6 REMUNERAÇÃO E SALÁRIO
Um dos requisitos essenciais de qualquer vínculo de emprego é a onerosidade. Isto é, a relação entre as partes nasce com o intuito do empregado em ser economicamente contraprestado pelos seus serviços. Ao conjunto de parcelas que retribuem o trabalho desenvolvido dá-se o nome de remuneração ou de salário (DELGADO, 2008).
As expressões remuneração e salário corresponderiam, assim, ao conjunto de parcelas contraprestativas recebidas pelo empregado, no contexto da relação de emprego, denunciadoras do caráter oneroso do contrato de trabalho pactuado (DELGADO, 2008, p. 683).
O artigo 457 da CLT prevê que:
Art. 457. Compreendem-se na remuneração do empregado, para todos os efeitos legais, além do salário devido e pago diretamente pelo empregador, como contraprestação do serviço, as gorjetas que receber.
O salário, pois, é a retribuição dos serviços prestados pelo empregado, por força do contrato de trabalho, devido e pago diretamente pelo empregador. A remuneração, por sua vez, é resultante da soma do salário percebido e dos proventos auferidos de terceiros, habitualmente, pelos serviços executados por força do mesmo contrato (SUSSEKIND, 1996).

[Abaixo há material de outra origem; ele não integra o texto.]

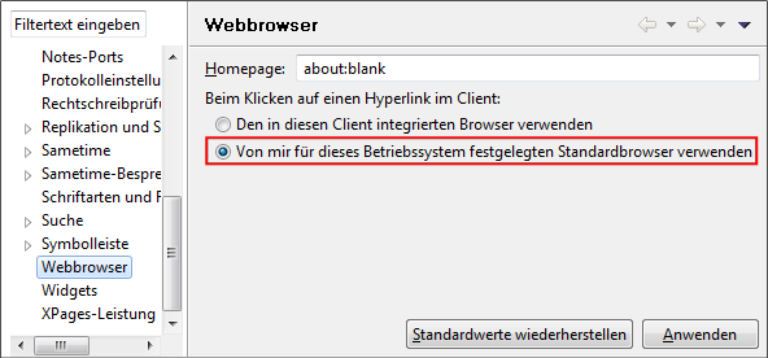 Vorgaben - Webbrowser - Standardbrowser ist ausgewählt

Contudo, nos contratos dos atletas profissionais de futebol, além do salário regularmente estipulado, são devidas outras verbas inerentes a este liame contratual e, por isso, clamam por estudo neste trabalho.
Vale ressaltar que o artigo 24 da Lei n. 6.354/76 veda ao clube o pagamento, como incentivo, em cada partida, prêmio ou gratificação superior à remuneração mensal. Mas essa regra é de difícil controle, já que o pagamento pode provir de outro clube interessado no resultado ou até de um torcedor fanático ou qualquer outra pessoa (BARROS, 2002, p. 79).

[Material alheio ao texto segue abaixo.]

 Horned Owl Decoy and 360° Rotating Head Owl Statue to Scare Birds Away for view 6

Há, ainda, a possibilidade de o jogador se recusar a trabalhar quando seus salários estiverem atrasados, incluindo-se no conceito de salário, para este fim, as gratificações, os prêmios e demais verbas inclusas no contrato de trabalho, nos termos do artigo 31, § 1º, da Lei n. 9.605/98.
Neste capítulo estudaremos as luvas, o bicho e o direito de arena e o direito de imagem, que são pagamentos normalmente realizados aos atletas profissionais.
6.1 Luvas
O artigo 12 da Lei n. 6.354/76 estabelece que "entende-se por luvas a importância paga pelo empregador ao atleta, na forma do que for convencionado, pela assinatura do contrato".

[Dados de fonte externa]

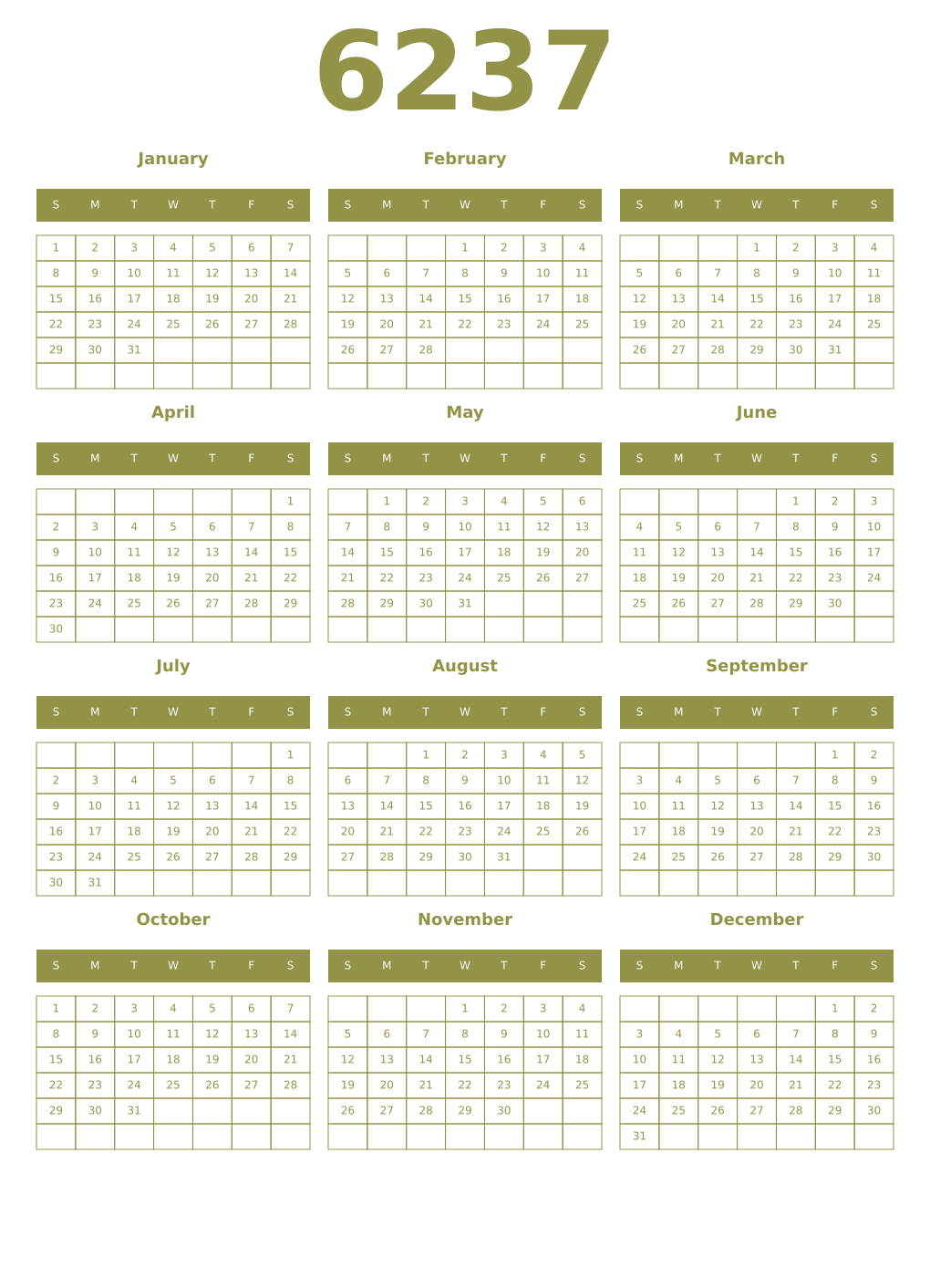 Printable 6237 Year Calendars eburnean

As luvas traduzem importância paga ao atleta pelo seu empregador, "na forma convencionada, pela assinatura do contrato"; compõem a sua remuneração para todos os efeitos legais. Elas podem ser em dinheiro, títulos ou bens, como automóveis. Seu valor é fixado tendo em vista a eficiência do atleta antes de ser contratado pela entidade desportiva. (BARROS, 2002, p. 80).
As luvas são, assim, uma espécie de fundo de trabalho, muito semelhante ao "ponto", no direito comercial. É um valor pago para que determinado jogador assine o contrato com o clube. Assemelha-se, também, ao "ágil" do mercado automobilístico do fim dos anos de 1990. Quando um determinado produto (ou profissional) é difícil de se conseguir, o interessado acaba sendo obrigado a desembolsar uma quantia extra para a obtenção do negócio.
O artigo 31, §1º, da Lei n. 9.605/98, ao definir salário para fins de rescisão indireta, referiu expressamente que é considerado salário as gratificações, os prêmios e demais verbas inclusas no contrato de trabalho.
Assim, o valor estipulado a título de luvas integra o salário para todos os fins e o seu não pagamento dá azo à rescisão do contrato por culpa do empregador.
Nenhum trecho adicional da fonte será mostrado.